The appropriate gap between diagnosis of chronic lymphocytic leukemia and treatment is now clearer as a new prognostic tool, IPS-E, that can predict the length of “watch and wait” has been introduced, according to a press release from the American Society of Hematology.
The appropriate gap between diagnosis of chronic lymphocytic leukemia (CLL) and treatment is now clearer as a new prognostic tool, IPS-E, that can predict the length of “watch and wait” has been introduced, according to a press release from the American Society of Hematology.1
“Watch and wait” is the strategy that most guidelines for the treatment of CLL recommend for early-stage patients. Between 70% and 80% or approximately 400,000 patients diagnosed with CLL in the United States and Europe each year are early-stage individuals, and the curation of IPS-E is expected to decrease the amount of worry associated with patients having to wait for treatment.
"While some patients display a milder disease never requiring therapy, others present active disease shortly after diagnosis and require intervention," said lead study author Davide Rossi, MD, Institute of Oncology Research in Bellinzona, Switzerland. "The IPS-E is a simple and robust prognostic tool based on routine clinical and laboratory variables. The simplicity of IPS-E should facilitate its translation to the clinic."
To build the IPS-E, data were obtained from 4,933 patients with asymptomatic early-stage CLL from 11 international cohorts. The results were published inBlood.
The first cohort that was evaluated included 333 patients and staged by the Rai system. It was discovered that the time to first treatment (TTFT) correlated with covariates, including unmutated IGHV genes, absolute lymphocyte count >15 x109/l, and the presence of palpable lymph nodes. The covariates were given 1 point each, and the IPS-E was the sum of these covariates and separated low-risk patients who were given a score of 0, intermediate-risk patients who received a score of 1, and high-risk patients who were given a score of either 2 or 3. These scores demonstrated a definite TTFT.2
To validate the scoring system for the prognostic tool, data from the remaining 10 cohorts were assessed by the Binet staging system. The assessment identified 30% of patients as low risk, 35% as intermediate risk, and 35% as high risk. The score paralleled the actual results, which showed that 8.4% of patients in the low-risk category required treatment within 5 years versus 28.4% in the intermediate-risk category, and 61.2% in the high-risk category.

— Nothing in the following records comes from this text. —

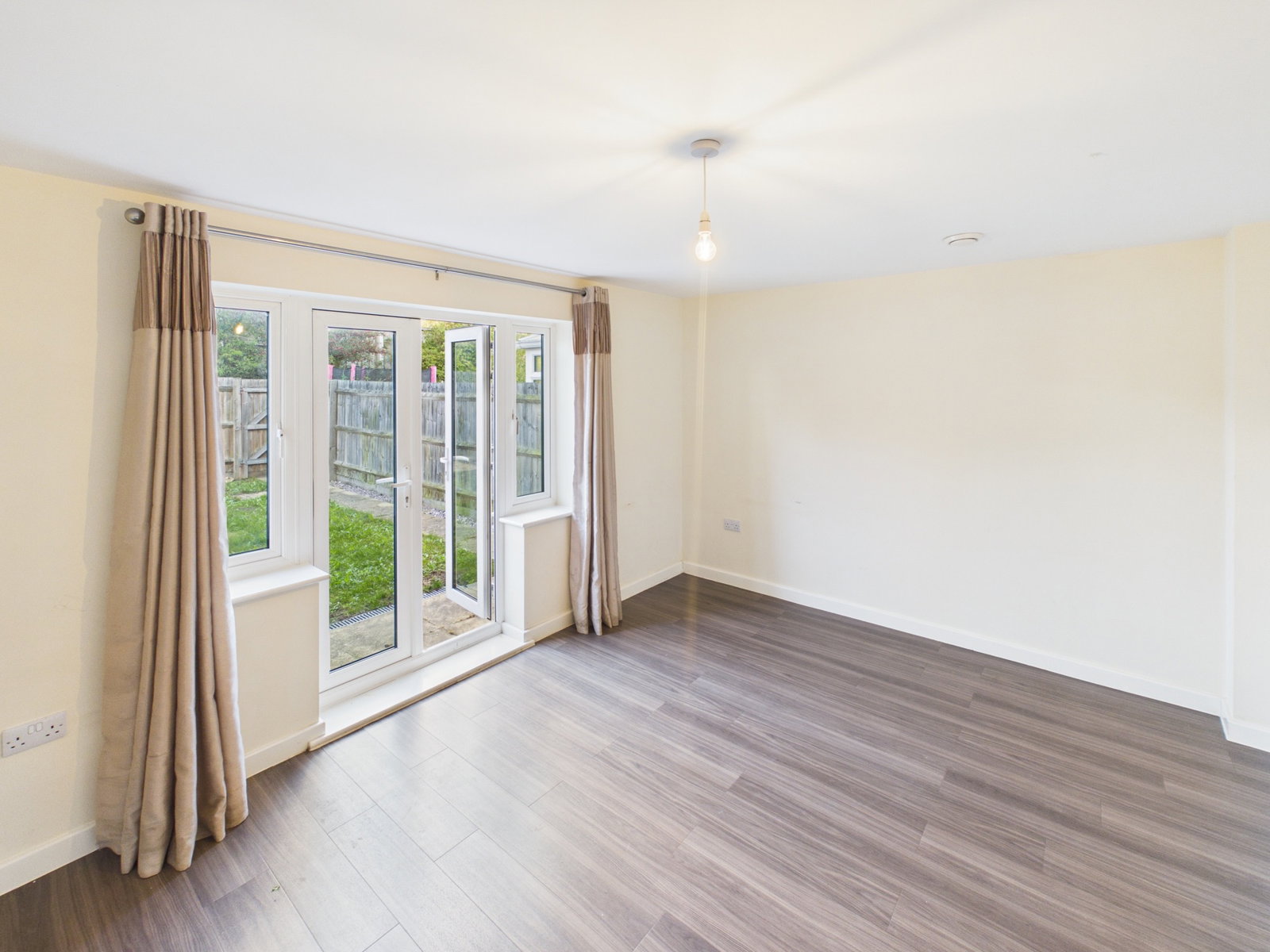Terraced House for sale in Stowmarket, Osprey Drive, Stowmarket, 1151 m²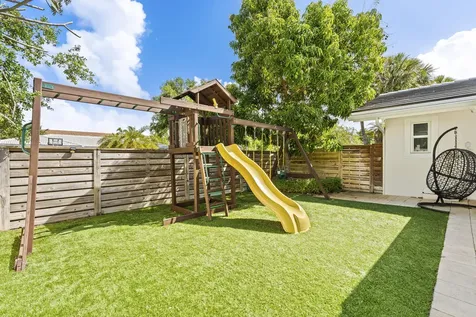 3870 N 31st Terrace Hollywood FL 33021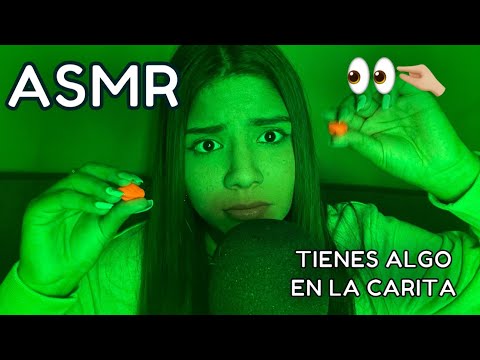 ASMR ESPAÑOL / HOLAAA, DÉJAME QUITARTE lo que TIENES en la CARITA (atención personal)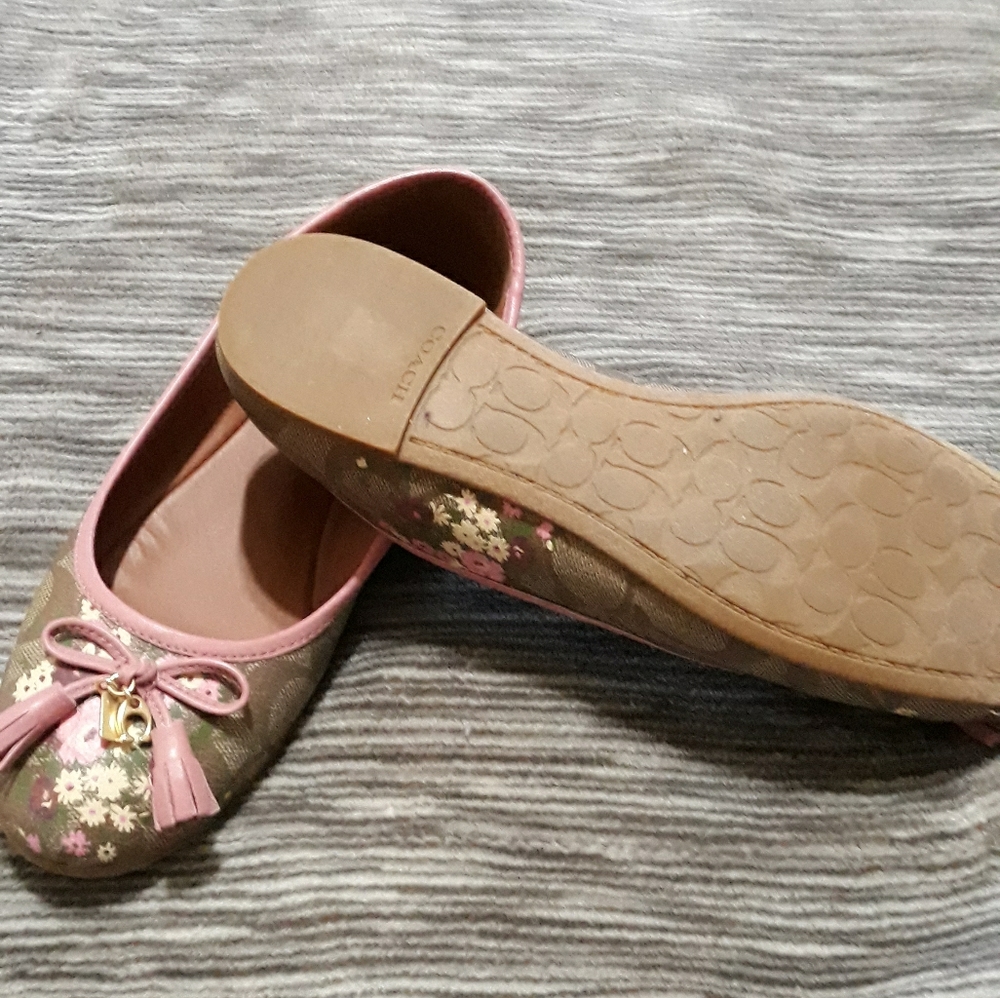 coach flat shoes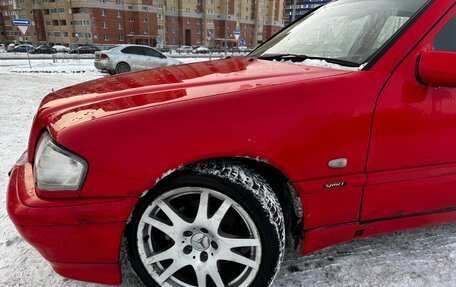 Mercedes-Benz C-Класс, 1997 год, 300 000 рублей, 13 фотография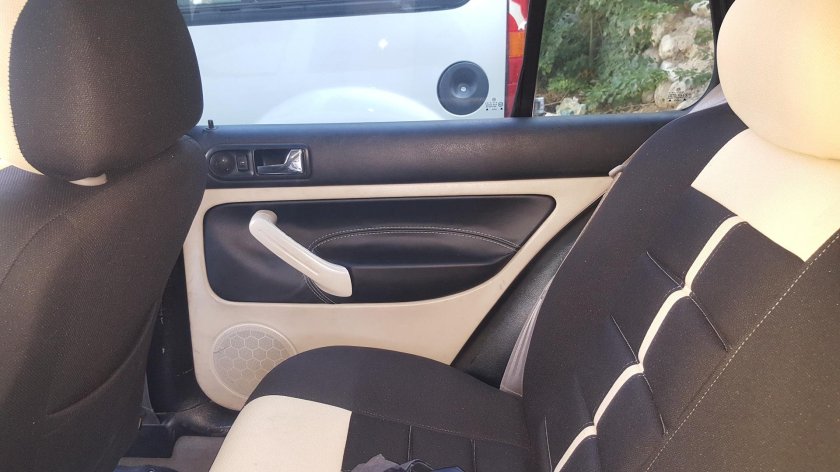 Вставка двери VW Golf 4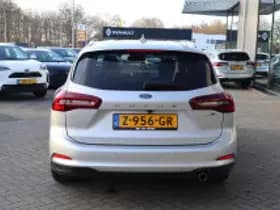 Ford Focus thumbnail 4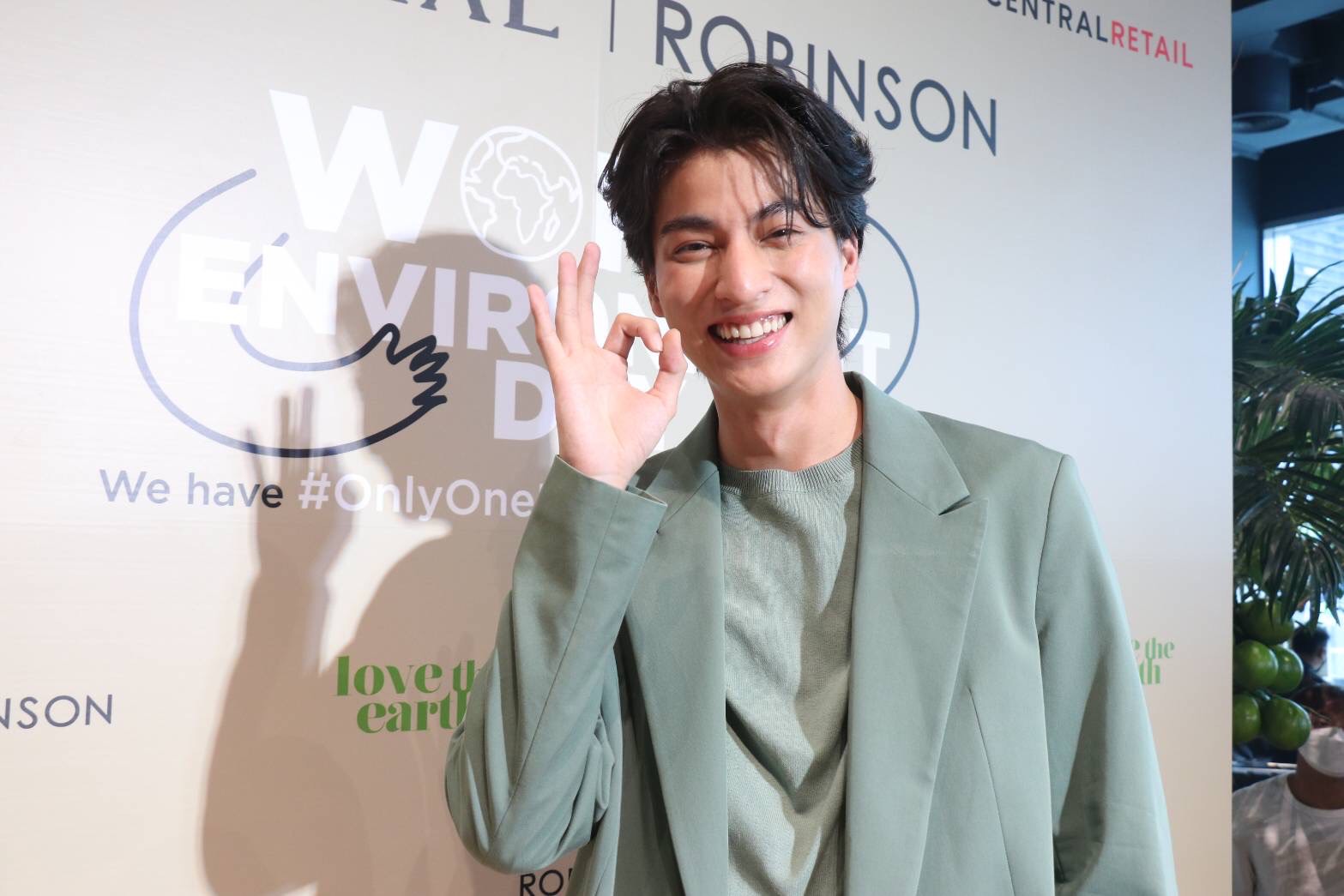 กลัฟ คณาวุฒิ ตอบแล้ว! ได้ติดต่อ มิว ศุภศิษฏ์ บ้างไหม? หลังแฟนๆ คิดถึงความฮอต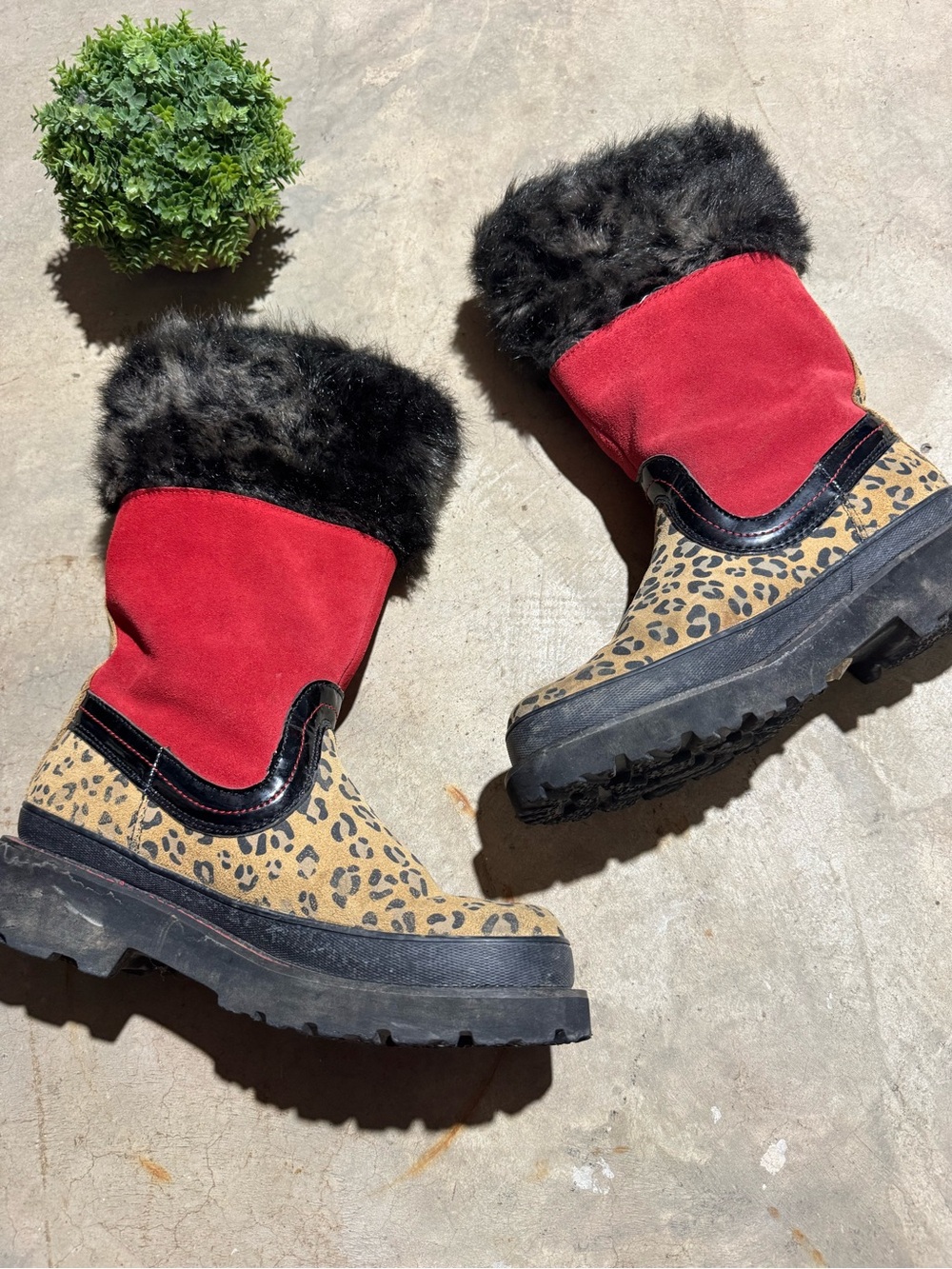 Ariat Cheetah Print Snow Boots Women Size 9.5 Red Leather Suede Faux Fur Winter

Rossi et al concluded that IPS-E is a robust and prognostic tool that can aid treatment in oncology practices as well as during early intervention clinical trials. The 3 tests required to determine the TTFT in patients with CLL are readily available to oncologists.
"The IPS-E can be regarded as a building block to which newly discovered independent outcome predictors for patients with early-stage CLL could be added," said Rossi.1"A prospective study would help to further assess and eventually strengthen this prognostic tool."